A Relapse in Humanity

Josh Hamilton is invincible.

Or at least that is the message that is being sent to him by the arbitrator that broke the 2-2 tie amongst the members of the four person treatment board of MLB’s joint drug program, deciding that Hamilton cannot be punished for his self-admitted alcohol and cocaine relapse during the off season.


I disagree with this decision on so many levels.

Once again, my first thought was “Haha, Angels fans, you don’t get bailed out on any of that contract!  Enjoy”.  But once again, the human element took over.

What kind of message does this send to other players? Does this open the door for players to begin using drugs as long as they admit it before they fail a test?  Does this provide some great loophole, provided by the player’s union that provides these athletes with a reusable get out of jail free card?

What kind of message does this send to young fans?  That it is ok to use drugs as long as you have the money to have someone stand up for you, only concerned with the amount of money that could be lost during a suspension?

And most of all, what kind of message does this send to Josh Hamilton himself?

Most addicts, especially those on cocaine, enjoy the false sense of invincibility, strength, and vigor the drug gives them.  They long for that feeling; knowing that this false sense of control will return the next time they snort a line.

This arbitrator just increased that feeling exponentially.

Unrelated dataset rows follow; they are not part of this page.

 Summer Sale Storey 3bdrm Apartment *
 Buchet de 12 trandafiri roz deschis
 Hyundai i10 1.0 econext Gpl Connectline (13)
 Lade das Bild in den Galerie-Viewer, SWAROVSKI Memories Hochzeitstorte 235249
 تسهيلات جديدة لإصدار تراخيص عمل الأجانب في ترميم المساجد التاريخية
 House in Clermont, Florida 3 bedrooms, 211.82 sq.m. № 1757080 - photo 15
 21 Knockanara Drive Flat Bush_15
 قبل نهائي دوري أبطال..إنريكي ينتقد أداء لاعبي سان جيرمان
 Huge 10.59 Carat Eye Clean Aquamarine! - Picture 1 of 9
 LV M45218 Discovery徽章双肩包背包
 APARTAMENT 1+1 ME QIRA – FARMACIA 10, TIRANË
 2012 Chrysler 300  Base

The message is disgusting.

As players have recently come out of the woodwork to condemn the use of performance enhancing drugs, speaking out against those who have used them, the use of illicit drugs and narcotics has remained taboo.  People knew of players using them, people remember damage to the career of Daryl Strawberry, the loss of Len Bias, the death of Ken Caminiti.  Players understand the dangers of these drugs, but don’t show the emotional response to their use as the do to PED’s. 

Why is this? 

Money.  Cold, hard, cash.  The almighty dollar.

Players speak out against those who may be dominating statistically due to PED’s, thus driving up their market value.  As the enhanced players make more money, there is less to fill the coffers of the clean players.  It is not about the unspoken brotherhood amongst players, it’s about that next contract and the amount of zeroes at the end of the number.

Same goes for teams.  In the Dallas area, everyone recently witnessed the Cowboys pretending to take the moral high ground and dissecting Dez Bryant’s character while not offering him a long term deal, only to turn around and sign Greg Hardy, who clearly has a poor character and committed disgusting acts less than a year ago. 

Dallas was putting on a show with Bryant.  It was never about his character, it was all about how much they could drive down his market value.

Money.  Cold, hard cash.  The almighty dollar.

So what does this have to do with the Josh Hamilton story and why am I rambling about football? Glad you asked.

The Josh Hamilton decision and reaction have nothing to do with drug testing, loopholes, or a moral precedent by the MLB, but it has everything to do with money.  The Players Union has too much to lose by Hamilton being suspended, the Angels have too much to lose by him not being suspended.

Arte Moreno, the owner of the Los Angeles Angels, knew exactly who Josh Hamilton was when they made the contract offer.  He knew of his issues, he knew of his problems, he knew of his addiction.  They embraced Josh, publicly stating that they would continue to provide support to Hamilton to prevent those struggles from returning. 

In his official statement, Angels general manager Jerry Dipoto said “The Angels have serious concerns about Josh’s conduct, health, and behavior and we are disappointed that he has broken an important commitment which he made to himself, his family, his teammates and our fans”. 

What exactly are those concerns?  Does any of this sound like concern for an individual, for a long-term investment, or for a human being?

Of course not.  The Angels only want to recoup their money. 

What message does this send to Hamilton?  How does an addict take all of this?

Addicts need support.  They need consequences.  They need to be provided with reasons to better themselves.  They need to be provided with hope. This decision, and the reaction by the Angels, provides none of that. 

Hamilton has received the message that he can do what he wants without being punished.  He has been told by the Angels that he is nothing more than a dollar sign.  Where does he go from here?  How does he right the ship?

Josh Hamilton needs support.  He needs to know he matters.  He needs to know that he just can’t do what he wants.

If these things are not provided, then expect another relapse.  I hope for the opposite, but that is the sad reality of the situation. 

MLB, Angels’ corporate, Angels’ teammates:  someone step up.  He can’t do this alone.